I leave Takarazuka and my adventures in the Kansai region tomorrow morning and travel to Beijing and Qingdao for about a week. I’ll be back in Tokyo at the end of the month and leave Japan August 15th. I’ll be back visiting my parents in Bartlesville, Oklahoma until early September, when I move to Boston.
Author: Muninn
Japanese People Discovering Themselves
As a kind of follow up to my recent article at Chanpon.org on Japan “Losing its soul” I have also noticed a lot of posters in recent Japanese advertisements which claim that visiting some place will help you discover yourself—that is, discover one’s latent or forgotten Japanese identity. Today I noticed just such a poster on the bus going from Kinkakuji to Ryôanji promoting tourism to Kyoto:
「日本に、京都があってよかった。こころの風景、うつくしい時間にこだわった、千二百余年。時代をこえて、永遠をつなぐ風がこの町を駆け抜ける。

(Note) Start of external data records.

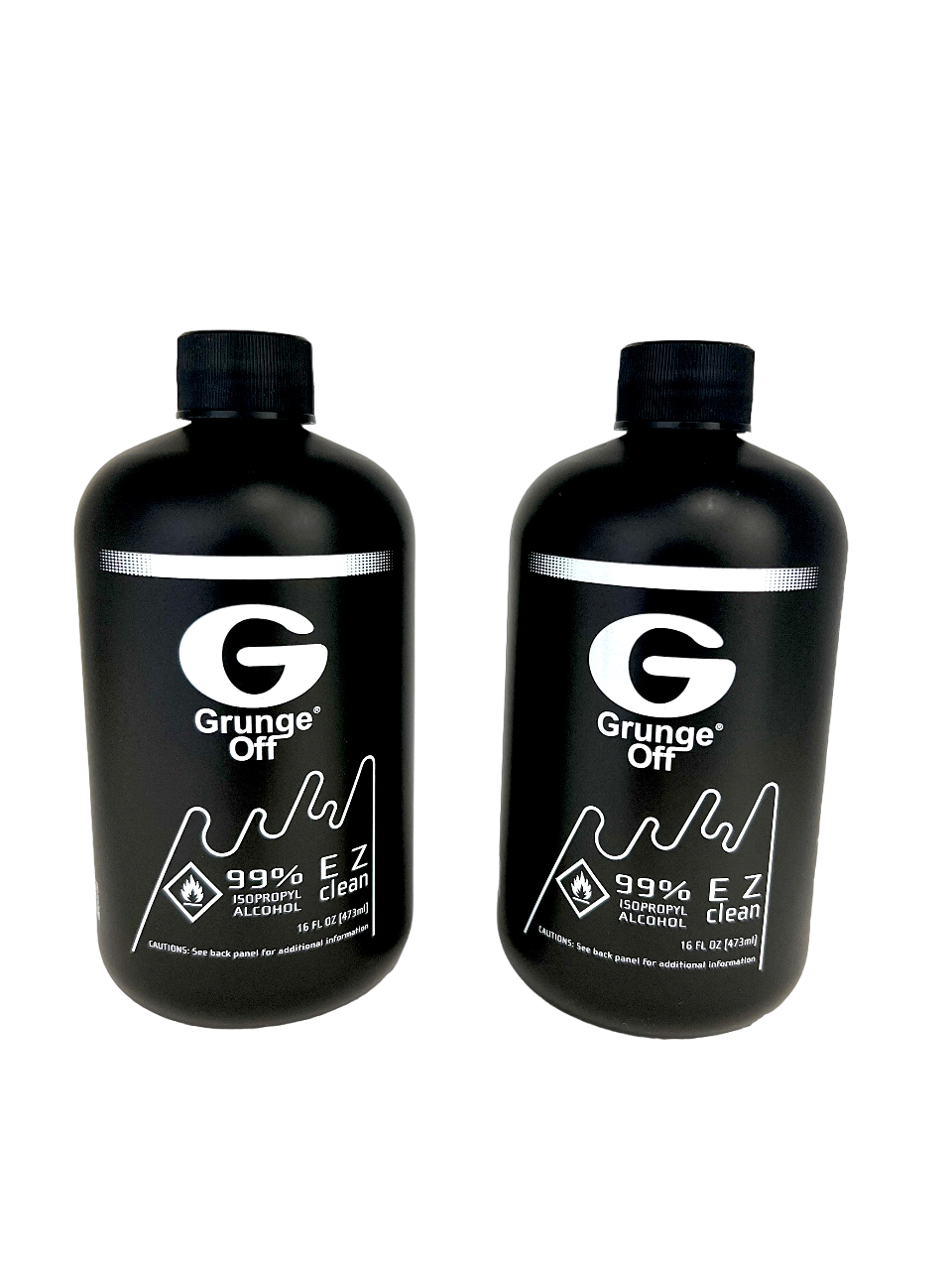 Grunge Off Isopropyl Alcohol - 16 oz bottle of powerful cleaner for pipes and bongs. 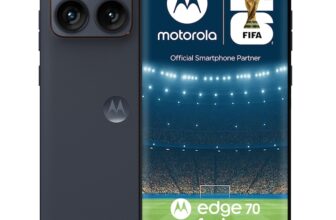 Смартфон Motorola edge 70 fusion, 7000 mAh, 256GB, 8GB RAM, 5G, PANTONE Silhouette (black)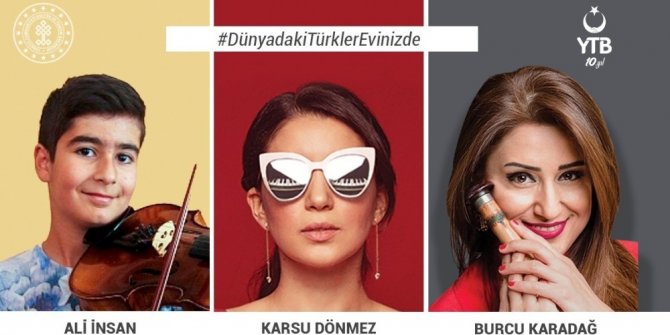 Ünlü sanatçıların evinde canlı moral konserleri devam ediyor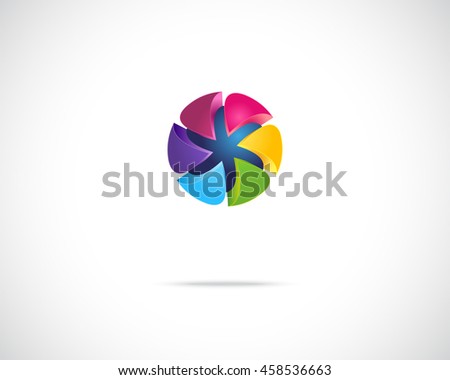 Abstract Logo Design Template. Creative Round Concept Icon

平安をもとめつづけるこの都で、風に吹かれて出会うのは、”知らなかったワタシ”だったりする。」I am so glad Japan has this place called Kyoto. It is a landscape of the spirit that, for some thousand and two hundred years has devoted itself to spending time surrounded by beauty. Spanning the ages, a wind bound to eternity runs through this town. In this [ancient] capital that always yearned for peace (Heian) I think I might have found, blowing in the wind, “A Me that I have never known.”
Feel free to correct my translation, but if it seems a little on the cheesy side, I assure you it was no less so in the original. Sayaka noticed that the “Heian” is probably deliberately used with two meanings, peace (which is a very important component of Japan’s national identity in the postwar period), and as the name for the period when the capital was moved to Kyoto and also representative of its glory days.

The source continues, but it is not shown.